After contracting twice this fiscal so far, industrial output is expected to fall again in January by 3.5 per cent due to sharp reduction in external orders and the dramatic slowdown in the domestic economy, according to Moody's.
"In January, output is likely continue to contract on a year-ago basis. A Y-o-Y decline of about 3.5 per cent is projected," Moody's economy.com economist Sherman Chan told PTI, adding that due to tumble in external orders and the dramatic slowdown of the domestic economy, the downward trend of index of industrial production (IIP) is expected to continue through 2009.
Similarly, economic think-tank ICRIER Director Rajiv Kumar said: "I expect industrial output in January to be in a negative territory of 2 per cent due to weak performance of auto, commercial vehicles and power sector."

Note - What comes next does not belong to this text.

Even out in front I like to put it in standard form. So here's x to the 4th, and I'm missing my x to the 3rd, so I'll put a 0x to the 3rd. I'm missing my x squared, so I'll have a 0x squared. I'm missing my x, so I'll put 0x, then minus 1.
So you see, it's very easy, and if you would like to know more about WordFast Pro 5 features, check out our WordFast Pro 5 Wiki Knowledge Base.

The IIP data would be released on March 12 for the period of January 2009.
After contracting for the first time in 15 years in October, industrial production crashed by two per cent in December despite a stimulus package announced by the government.

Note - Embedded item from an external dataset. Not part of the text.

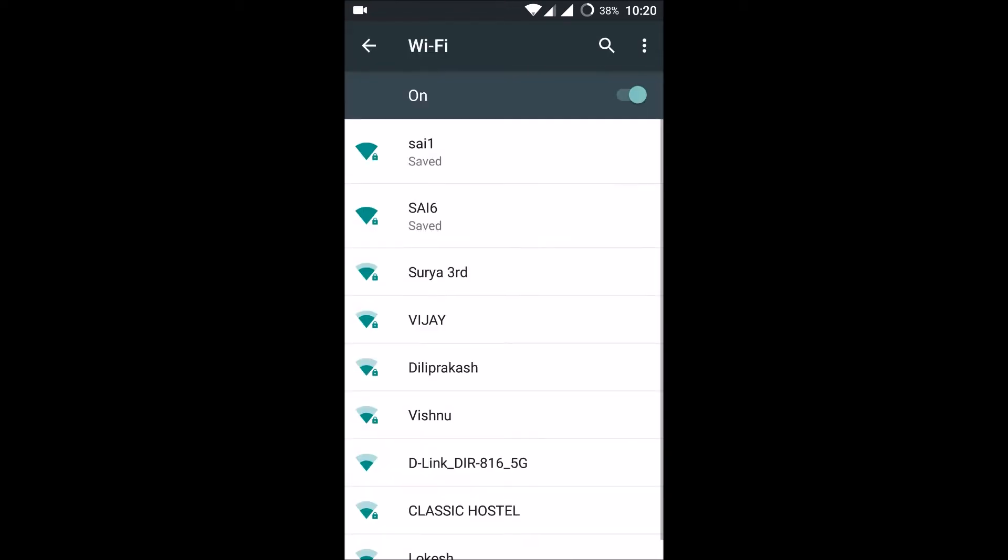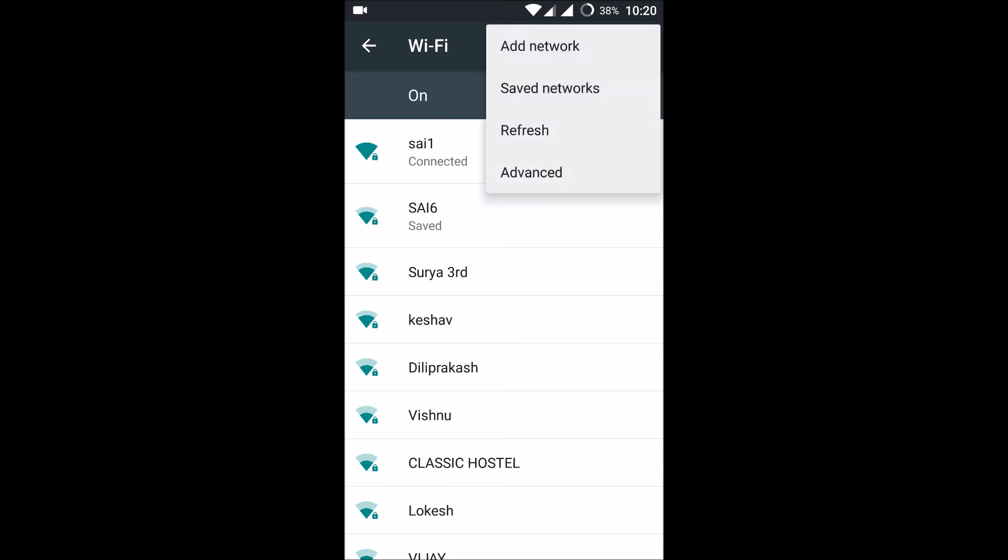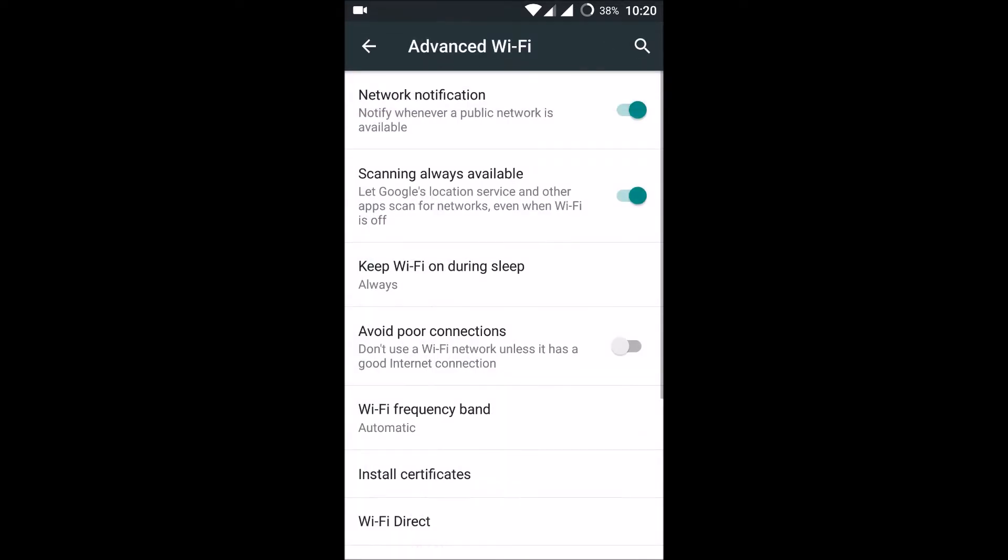Click on WiFi, then click on the More option, and click on Advanced. And here you can see an option like Network Notification.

Crisil Principal Economist D K Joshi said the industrial output growth will be close to zero due to slackening demand and fall in export.
Joshi said, "I expect industrial production number to be at 0.2 per cent for January."
However, Prime Minister's Economic Advisory Council Chairman Suresh Tendulkar expressed hope that there would be some improvement in the IIP numbers in January.
"The steel, coal seems to be optimistic. There will be some improvement," he added.
To spur the economy, the government came out with two stimulus packages in December and January, which include excise duty reduction and various incentives across the sectors.
Since October, RBI also has infused over Rs 4,00,000 crore by reducing ratios and short-term borrowing and lending rates.
However, in spite of these measures, exports declined by 15.9 per cent in January.
Due to negative growth in manufacturing and agriculture, Indian economy grew by just 5.3 per cent, the slowest pace of any quarter in five years.